Gaza : Mémoire sauvée d’une terre millénaire

À travers une exposition poignante à l’Institut du Monde Arabe, le patrimoine plurimillénaire de Gaza, menacé par les conflits, retrouve la lumière. Une plongée au cœur d’une enclave palestinienne où l’histoire dialogue avec la résistance. Par Vicenne et Juliette Goût

Photos : Juliette Goût/IMA/DR

Sous les voûtes élégantes de l’Institut du Monde Arabe (IMA) à Paris, se dévoilent les fragments d’une histoire qui semble vouloir s’effacer.
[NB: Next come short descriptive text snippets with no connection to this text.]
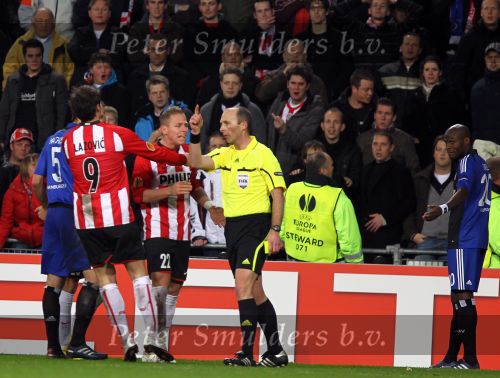Eindhoven, 25 Februari 2010
1/8 Finale Uefa Europa League PSV-HSV, eindstand 3-2
PSV uitgeschakeld op basis van uit gescoorde doelpunten
Balazs Dzsudzsak krijgt in een halve minuut 2x geel, dus rood
Foto Junior Smulders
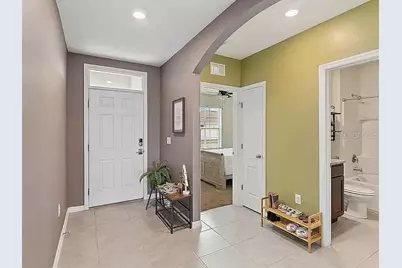 2585 Ryland Falls Drive, Lakeland, FL 33811 - Photo 4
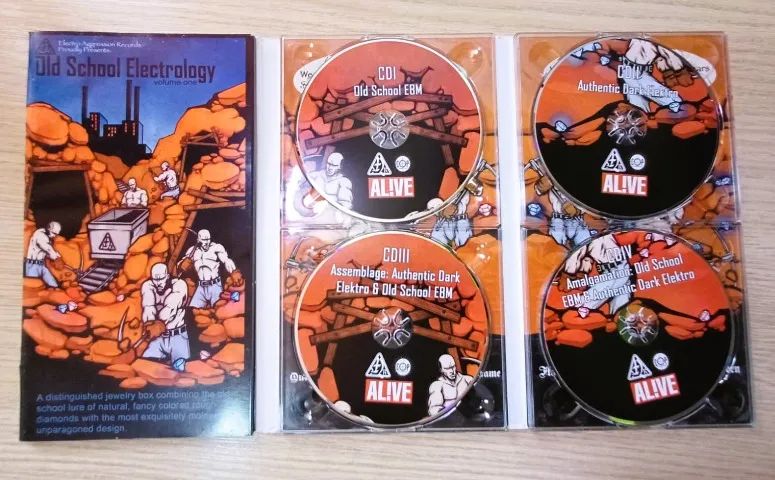 Box 4 CDs - Old School Electrology Vol. 1 (Electro Aggression Records) - EBM / Dark Elektr - Foto 3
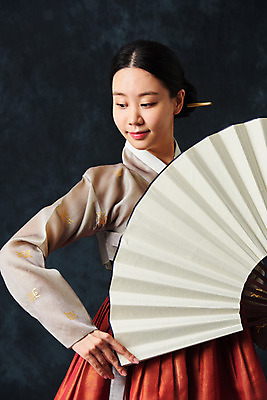 포토 JPG 스튜디오촬영 응시 여자 명절 예술 검은배경 실내 한명 서기 미소 들기 누끼 상반신 20대 성인 앞모습 추석 한국인 춤 부채 전통의상 한복 전통무용 한국무용 성인여자한명만 국내포토 1 한국전통 전통 시선 기념일 뷰포인트 백그라운드 모션 문화예술 표정 사람 동양인 청년 내부 검은색 여자한명만 성인여자만 파일형식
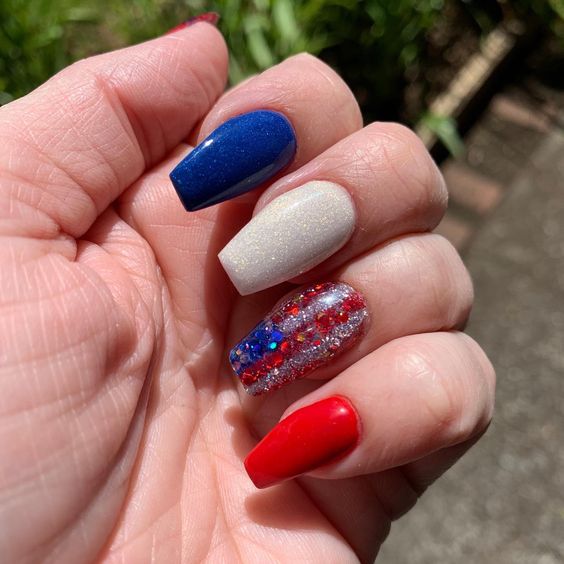 Celebrating Independence with Style: 4th of July Nails 24 Ideas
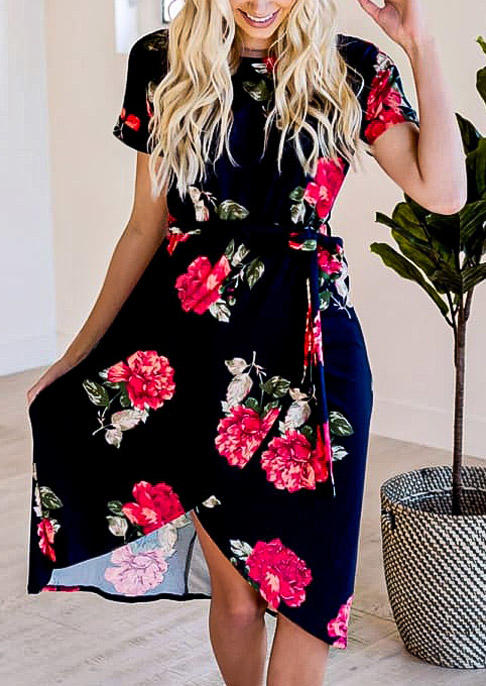 

Midi Dresses Floral Tie O-Neck Asymmetric Midi Dress in Black. Size: ,M,L,XL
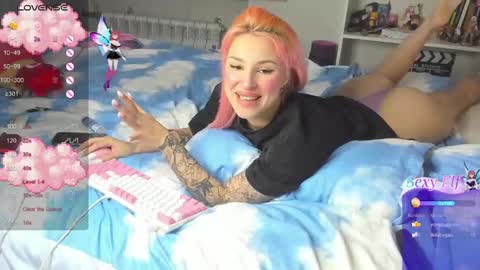 Snapshot of folinskaayaa chatting on 12.19.24 folinskaayaa online show from 12.19.24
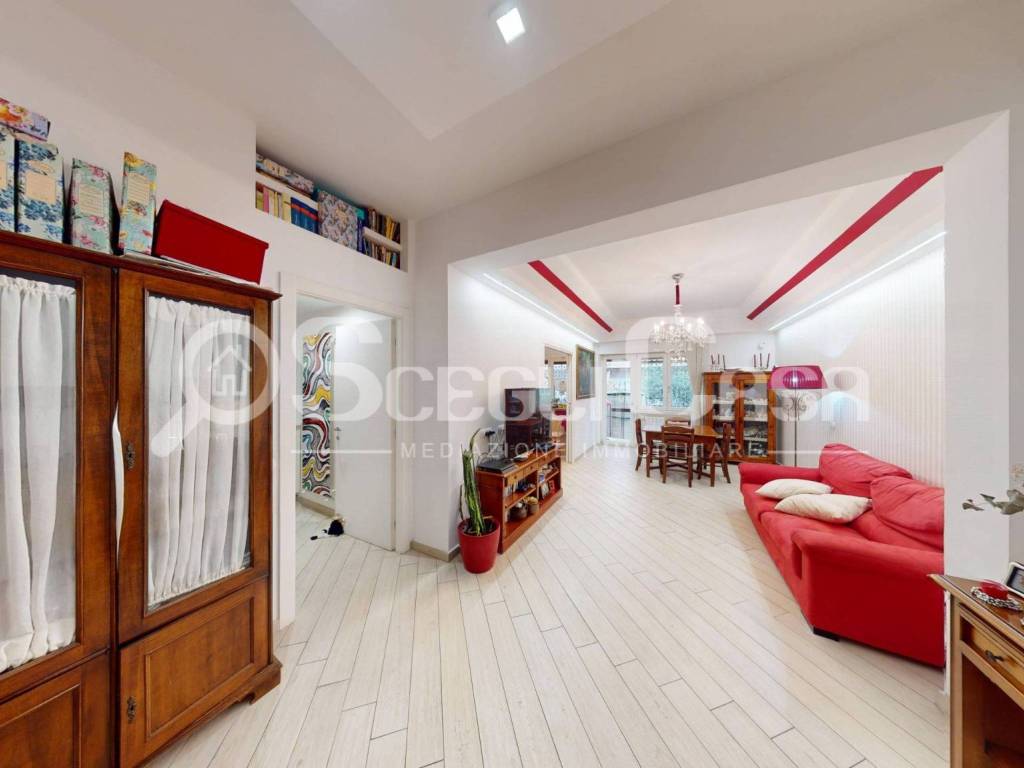 appartamento in vendita a Roma in zona Appio Claudio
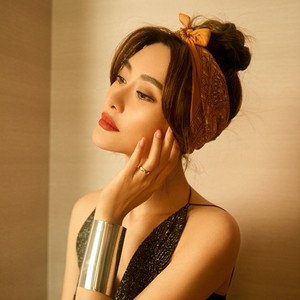 爱戴资料,爱戴最新歌曲,爱戴MV视频,爱戴音乐专辑,爱戴好听的歌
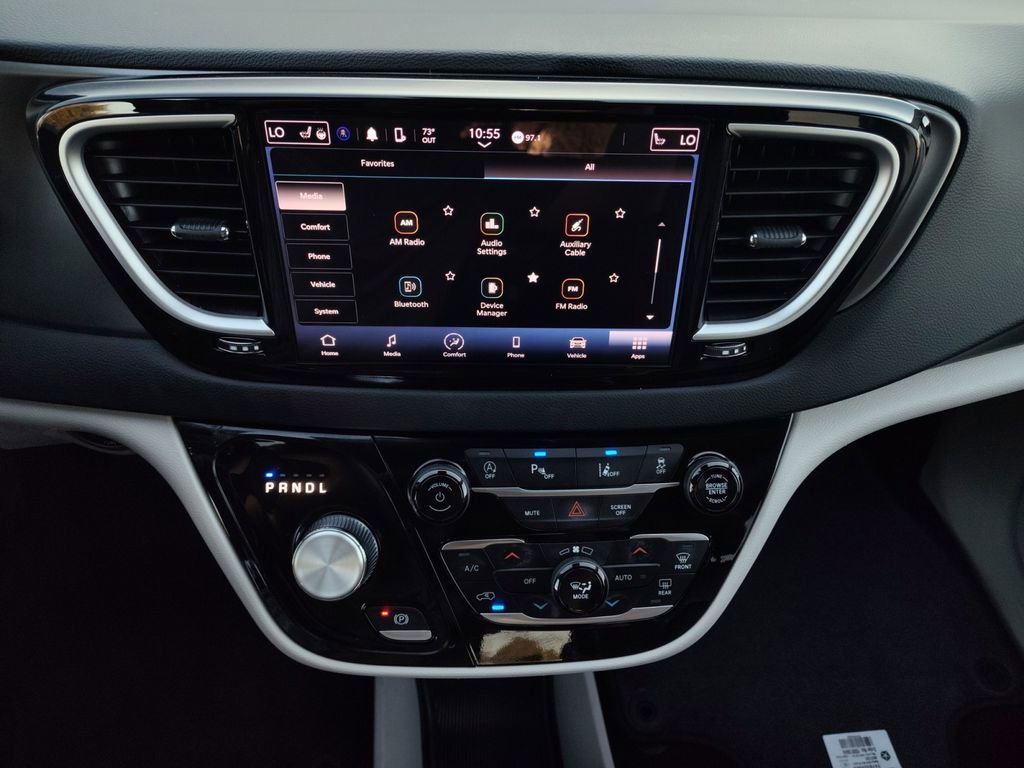 Used 2023 Chrysler Pacifica Touring-L image 8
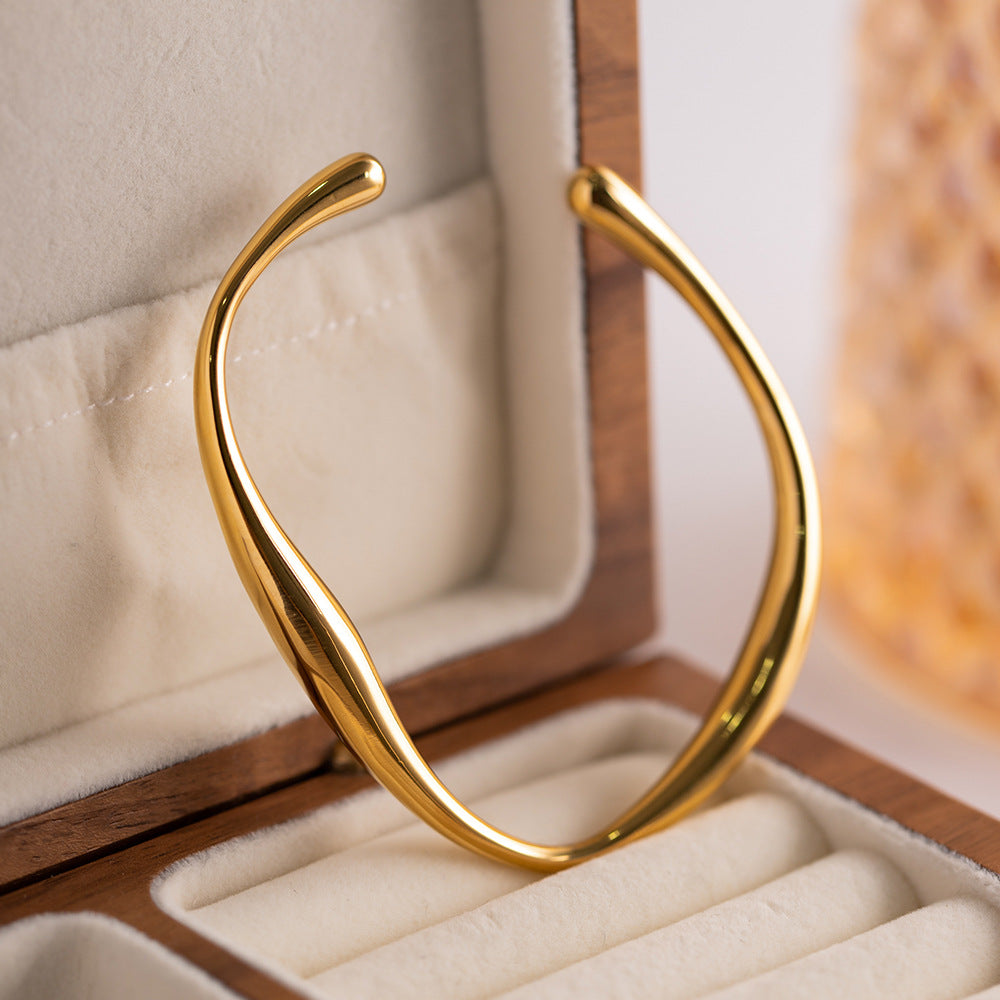 Tijdloze Bangle Armband Dames – Minimalistisch 18K Geplateerd Design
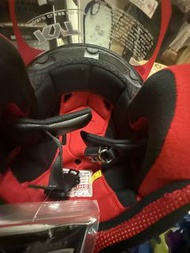 KYT 紅色摩托車頭盔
L’exposition « Trésors sauvés de Gaza, 5 000 ans d’histoire », ouverte jusqu’au 2 novembre prochain, présente une sélection extraordinaire de 130 artefacts : lampes à huile patinées, amphores, mosaïques éclatantes, figurines en bronze ou marbre, stèles funéraires et statuettes de divinités. Ces vestiges, témoins silencieux de civilisations égyptienne, assyrienne, perse, romaine ou encore byzantine, racontent la richesse culturelle d’une terre devenue lieu de passage entre Orient et Occident.« Cette exposition est un acte de résistance », affirme Jack Lang, président de l’IMA, en inaugurant cet hommage vibrant à Gaza. Face à la destruction et aux massacres récents, il ajoute : « La riche histoire de Gaza doit retrouver la lumière. Rien n’est pire que l’abandon et l’oubli… Le patrimoine archéologique irrigue l’identité palestinienne contemporaine et sa préservation est indissociable du respect des droits humains. »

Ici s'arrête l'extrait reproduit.